Oh, You Mean Like the Same Fed Audits We Already Have? Way to Go, Congress!

Thursday, June 17, 2010 , , , , 2 Comments

 Pic credit: The Onion

Idiots. First of all I take issue with the fact that WaPo titled this article "Lawmakers agree to expand audit of Federal Reserve" because basically all they did was decide to look deeper into emergency lending programs (most of those banks are probably kaput by now anyway) and make it appear as though GAO audits of the Fed are something new.

I remind dear reader that each regional Fed bank issues an annual report just like any other bank that is audited by the Big 87654. I also remind dear reader that we already know who got TARP money. And that the GAO has a handful of Fed audits going on AS WE SPEAK that will, like the audits before them, mean little since the Fed follows its own accounting rules and not GAAP. As any accountant will tell you, we perform audits each year to ensure the comparability of financial statements for the sake of investors. Since there is no comparing Fed statements and there are no investors (excluding the banks with mandated stock holdings in the Fed banks they are regulated by), basically all we're doing is jerking off with our left hands pretending it is someone else doing the jerking.

You aren't going to fall for this, are you?


Lawmakers on Wednesday reached a compromise to allow expanded audits of the Federal Reserve, part of an effort to shine light on the central bank's emergency lending during the financial crisis while safeguarding its independence in setting monetary policy.

In another marathon session to hash out differences over sweeping new financial regulations, members of a House-Senate conference committee agreed to grant the Government Accountability Office broad authority to examine the operations of the Fed and to require additional disclosures from the central bank.

The compromise expands on language from the Senate bill that would grant the GAO authority to audit the Fed's massive emergency lending programs and compel the agency to release details about the firms that benefited from those programs during the crisis.

The new language broadens those audits to include the Fed's discount window and its purchases and sales of government securities, requiring the central bank to disclose details about such transactions within two years after they occur. "The Fed is going to be a lot more transparent," said Rep.
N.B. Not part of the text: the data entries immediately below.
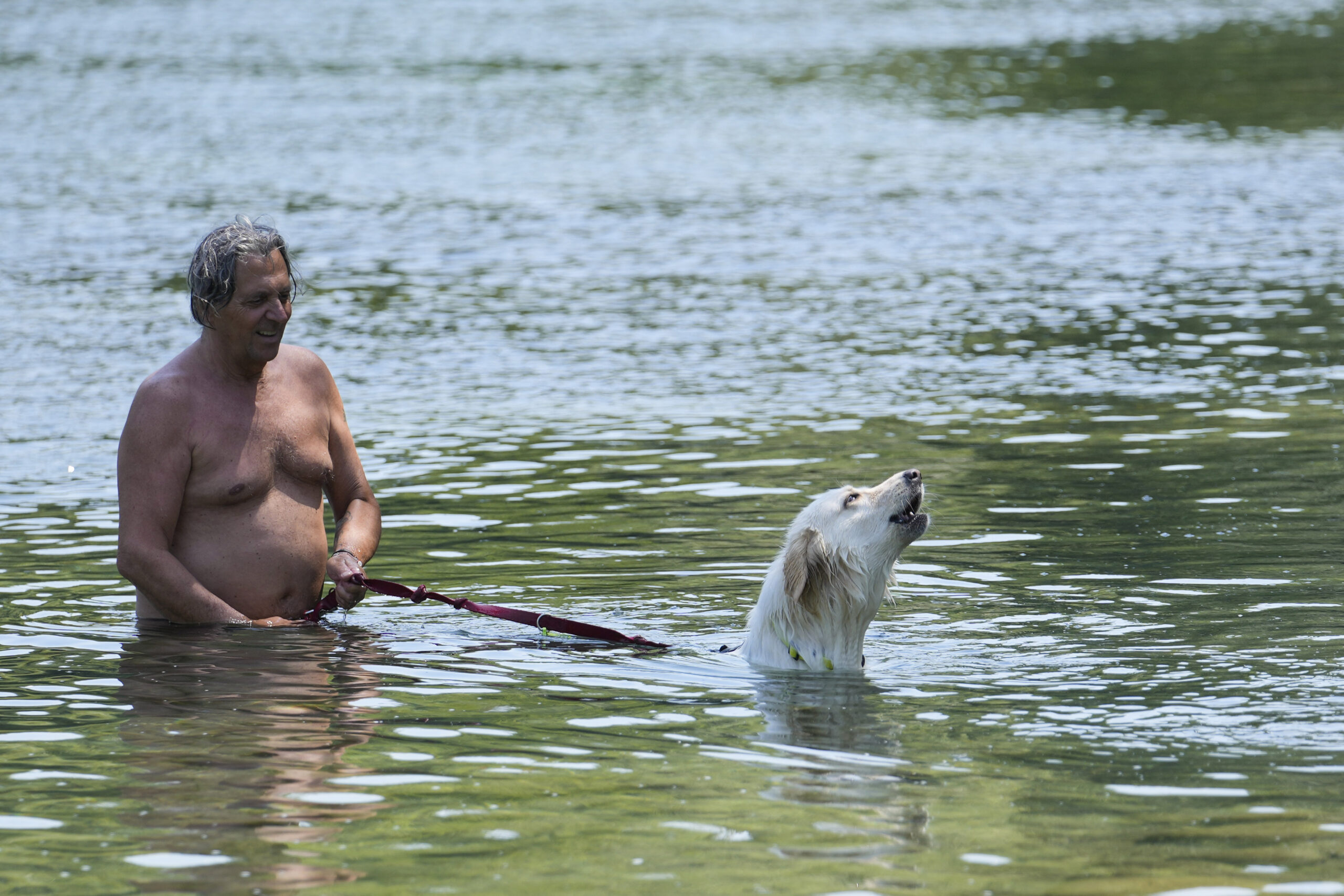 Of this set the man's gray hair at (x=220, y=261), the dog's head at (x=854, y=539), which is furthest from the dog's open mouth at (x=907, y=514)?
the man's gray hair at (x=220, y=261)

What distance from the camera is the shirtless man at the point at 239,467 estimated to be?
814cm

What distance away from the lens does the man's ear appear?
26.3 feet

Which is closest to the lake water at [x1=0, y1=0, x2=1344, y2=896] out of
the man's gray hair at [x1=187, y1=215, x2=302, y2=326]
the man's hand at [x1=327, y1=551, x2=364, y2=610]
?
the man's hand at [x1=327, y1=551, x2=364, y2=610]

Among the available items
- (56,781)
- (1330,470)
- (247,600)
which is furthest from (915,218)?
(56,781)

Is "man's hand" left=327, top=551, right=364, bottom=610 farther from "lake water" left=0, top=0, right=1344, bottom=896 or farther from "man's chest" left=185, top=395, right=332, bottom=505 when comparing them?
"man's chest" left=185, top=395, right=332, bottom=505

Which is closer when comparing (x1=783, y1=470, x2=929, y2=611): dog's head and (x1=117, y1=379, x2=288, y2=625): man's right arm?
(x1=783, y1=470, x2=929, y2=611): dog's head

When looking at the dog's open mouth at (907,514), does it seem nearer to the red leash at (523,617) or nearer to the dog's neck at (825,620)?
the dog's neck at (825,620)

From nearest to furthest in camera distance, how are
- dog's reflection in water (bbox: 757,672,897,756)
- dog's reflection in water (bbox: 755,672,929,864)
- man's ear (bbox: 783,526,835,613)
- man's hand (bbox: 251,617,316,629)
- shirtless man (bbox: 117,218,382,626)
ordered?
dog's reflection in water (bbox: 755,672,929,864), dog's reflection in water (bbox: 757,672,897,756), man's ear (bbox: 783,526,835,613), shirtless man (bbox: 117,218,382,626), man's hand (bbox: 251,617,316,629)

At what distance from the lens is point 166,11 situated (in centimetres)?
4884

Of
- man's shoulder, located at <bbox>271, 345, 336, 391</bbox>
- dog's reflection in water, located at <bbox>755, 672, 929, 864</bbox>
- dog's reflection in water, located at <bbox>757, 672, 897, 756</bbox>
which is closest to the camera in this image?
dog's reflection in water, located at <bbox>755, 672, 929, 864</bbox>

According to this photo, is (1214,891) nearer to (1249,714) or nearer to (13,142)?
(1249,714)

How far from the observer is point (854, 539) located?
806 cm

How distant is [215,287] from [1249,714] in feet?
14.8

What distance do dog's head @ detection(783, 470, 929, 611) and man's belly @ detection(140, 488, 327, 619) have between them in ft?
7.18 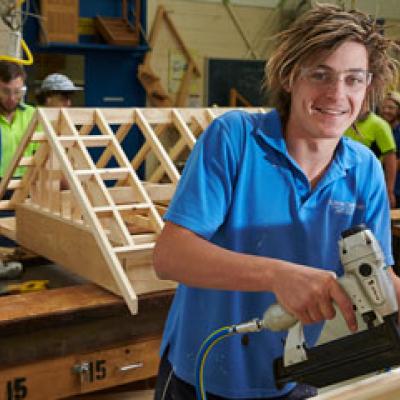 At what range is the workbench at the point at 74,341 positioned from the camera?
226 cm

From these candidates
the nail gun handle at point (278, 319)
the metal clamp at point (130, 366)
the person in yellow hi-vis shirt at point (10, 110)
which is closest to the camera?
the nail gun handle at point (278, 319)

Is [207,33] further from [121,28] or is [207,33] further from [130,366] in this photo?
[130,366]

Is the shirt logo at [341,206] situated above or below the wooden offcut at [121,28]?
below

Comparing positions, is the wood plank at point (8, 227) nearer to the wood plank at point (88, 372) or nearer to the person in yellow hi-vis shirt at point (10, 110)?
the person in yellow hi-vis shirt at point (10, 110)

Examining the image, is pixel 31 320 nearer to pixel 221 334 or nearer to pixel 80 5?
pixel 221 334

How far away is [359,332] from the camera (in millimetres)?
1339

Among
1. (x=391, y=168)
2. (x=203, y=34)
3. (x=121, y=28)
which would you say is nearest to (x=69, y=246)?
(x=391, y=168)

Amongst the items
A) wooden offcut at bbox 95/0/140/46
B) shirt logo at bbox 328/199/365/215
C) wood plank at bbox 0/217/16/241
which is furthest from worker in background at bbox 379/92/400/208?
shirt logo at bbox 328/199/365/215

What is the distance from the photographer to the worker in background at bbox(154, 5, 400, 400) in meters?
1.52

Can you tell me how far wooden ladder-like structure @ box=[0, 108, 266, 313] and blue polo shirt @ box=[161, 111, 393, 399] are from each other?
2.48 feet

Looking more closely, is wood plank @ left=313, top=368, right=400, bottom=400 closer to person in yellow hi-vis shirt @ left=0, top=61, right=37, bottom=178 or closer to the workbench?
the workbench

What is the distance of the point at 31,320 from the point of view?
2.22 metres

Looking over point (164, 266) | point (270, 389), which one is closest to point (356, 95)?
point (164, 266)

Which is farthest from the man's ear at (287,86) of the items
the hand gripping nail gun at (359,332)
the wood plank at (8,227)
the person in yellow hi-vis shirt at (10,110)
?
the person in yellow hi-vis shirt at (10,110) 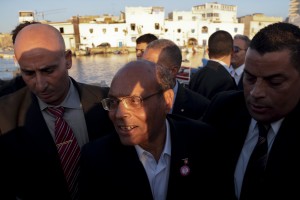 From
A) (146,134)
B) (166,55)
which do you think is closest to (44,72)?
(146,134)

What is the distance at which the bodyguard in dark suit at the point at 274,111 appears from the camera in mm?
1781

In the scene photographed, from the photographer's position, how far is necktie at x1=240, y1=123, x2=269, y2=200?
72.2 inches

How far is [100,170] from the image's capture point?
193 centimetres

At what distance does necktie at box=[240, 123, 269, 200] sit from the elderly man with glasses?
31 centimetres

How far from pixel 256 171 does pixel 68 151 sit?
1.47 metres

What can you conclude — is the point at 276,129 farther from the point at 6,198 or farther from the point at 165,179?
the point at 6,198

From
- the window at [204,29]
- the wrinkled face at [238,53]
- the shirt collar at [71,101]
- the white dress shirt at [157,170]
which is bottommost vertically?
the white dress shirt at [157,170]

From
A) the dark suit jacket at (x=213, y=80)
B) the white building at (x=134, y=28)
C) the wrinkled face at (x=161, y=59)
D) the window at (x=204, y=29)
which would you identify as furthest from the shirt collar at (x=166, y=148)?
the window at (x=204, y=29)

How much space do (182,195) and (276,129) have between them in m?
0.83

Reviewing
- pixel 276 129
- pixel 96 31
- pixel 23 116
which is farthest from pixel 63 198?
pixel 96 31

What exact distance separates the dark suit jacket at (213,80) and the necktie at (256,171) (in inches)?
87.0

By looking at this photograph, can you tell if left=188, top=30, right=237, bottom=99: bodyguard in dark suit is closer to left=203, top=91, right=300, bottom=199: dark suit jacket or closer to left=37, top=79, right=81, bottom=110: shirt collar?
left=203, top=91, right=300, bottom=199: dark suit jacket

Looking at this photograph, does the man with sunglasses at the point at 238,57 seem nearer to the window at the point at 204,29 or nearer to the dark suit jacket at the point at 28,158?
the dark suit jacket at the point at 28,158

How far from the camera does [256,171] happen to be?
1.85 m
Melvin Watt (D-N.C.).

The bottom line is that Congress doesn't even know what the Fed is and if you tried to tell them, they'd run away scared and crying to Mommy.

You're a joke, Congress. It took you two years to get the authority to look into emergency lending programs by the agency which is paid IN INTEREST every year to issue our worthless paper currency? Suckers. How many of the banks on that list have failed already?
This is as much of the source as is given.